If law enforcement arrests and charges your child with a crime, you may feel angry, fearful and helpless. Understanding the Florida juvenile justice process can help you get a handle on this difficult situation.
Learn more about what to expect if your child becomes involved with the state juvenile justice system.
After the arrest
The next steps after juvenile charges depend on the specific crime, at the discretion of law enforcement. First, the officer will take your child either to a juvenile detention center or assessment center for screening. This process determines whether the state should detain your child depending if he or she poses a risk to others.

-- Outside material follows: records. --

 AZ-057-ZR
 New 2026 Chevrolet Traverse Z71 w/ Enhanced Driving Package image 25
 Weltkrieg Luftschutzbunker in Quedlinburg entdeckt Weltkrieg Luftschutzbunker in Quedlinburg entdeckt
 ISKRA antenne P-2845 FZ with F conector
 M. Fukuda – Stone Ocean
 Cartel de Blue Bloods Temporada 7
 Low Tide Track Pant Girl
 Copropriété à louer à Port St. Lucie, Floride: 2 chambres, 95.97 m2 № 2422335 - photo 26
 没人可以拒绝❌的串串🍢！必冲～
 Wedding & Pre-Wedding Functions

In most cases, however, you will be able to take custody of your child. Law enforcement will refer him or her to a diversion program, which may involve probation, community service or other requirements.

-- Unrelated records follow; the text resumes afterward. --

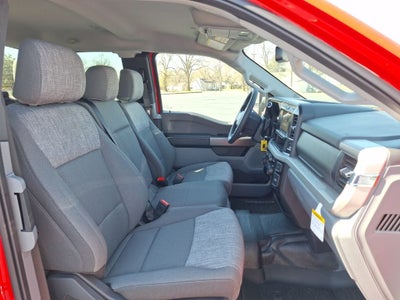 2026 Ford F-350SD DRW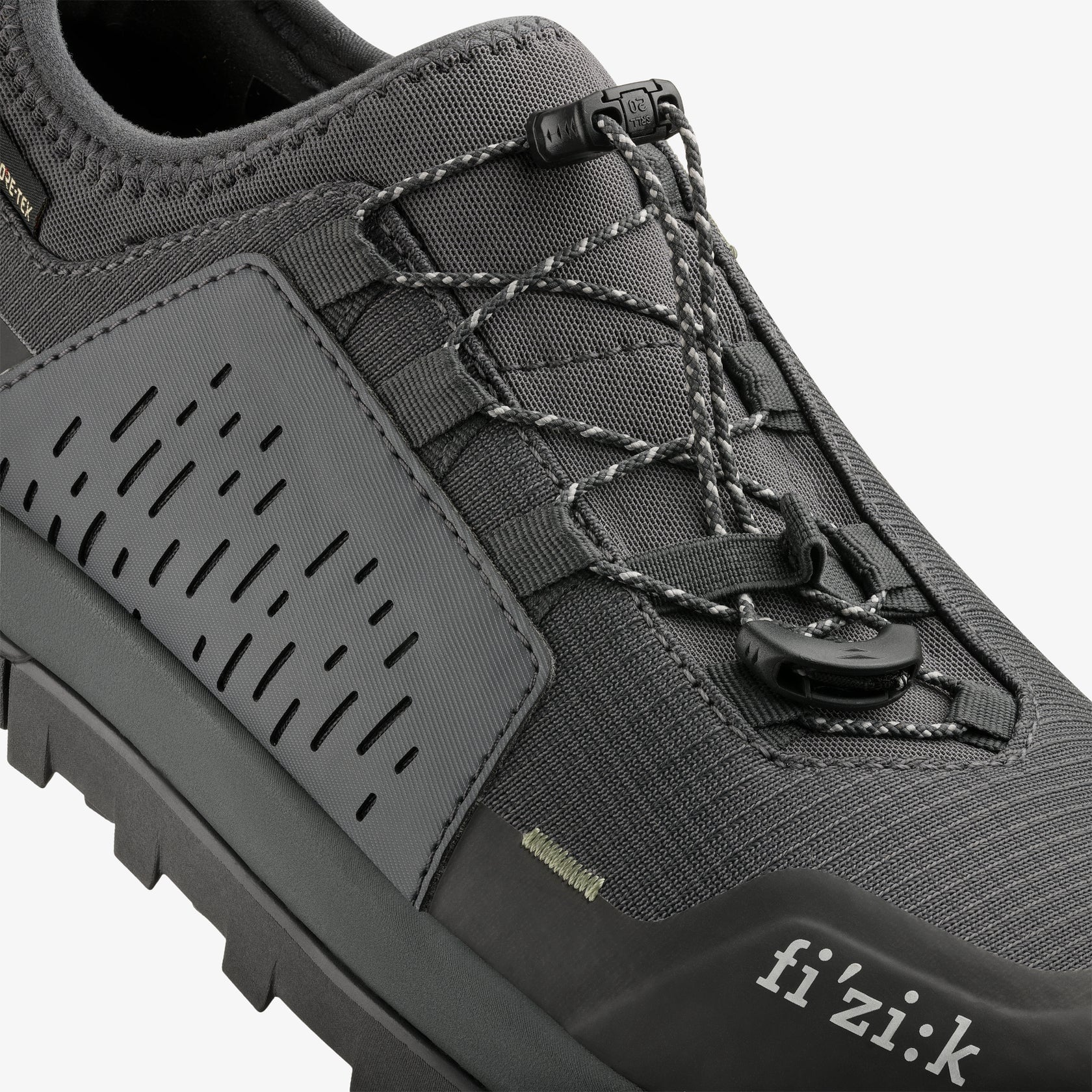FIZIK Ergolace 2 GTX - Clip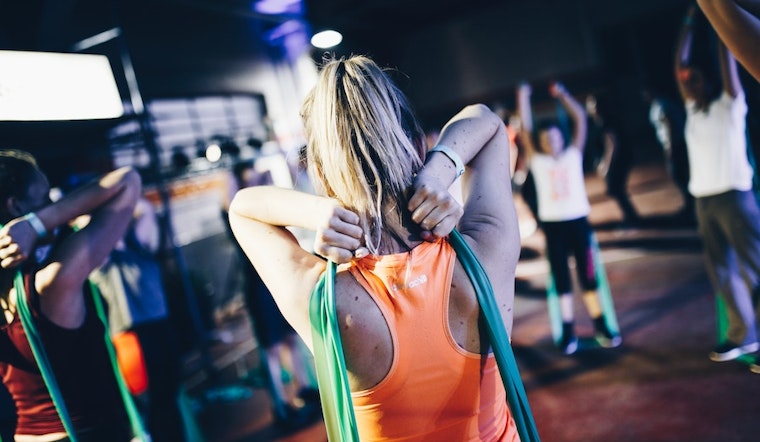 3 health and wellness events in Baltimore this week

The role of the juvenile probation officer
The state will assign your child a juvenile probation officer, who serves as a case manager and makes recommendations about your child’s case. This professional uses the PACT assessment, which stands for Positive Achievement Change Tool, to identify your child’s strengths and areas for improvement. Based on the severity of the offense, these recommendations may include:
- Vocational skills training
- Academic progress monitoring
- Letter of apology to individuals affected by the crime
- Mental health treatment
- Substance use disorder treatment
- Drug screening
- Family counseling
The JPO will help your family coordinate these services and create a youth-empowered success (YES) plan. This document contains individual and family goals for your child along with interventions targeted toward these goals.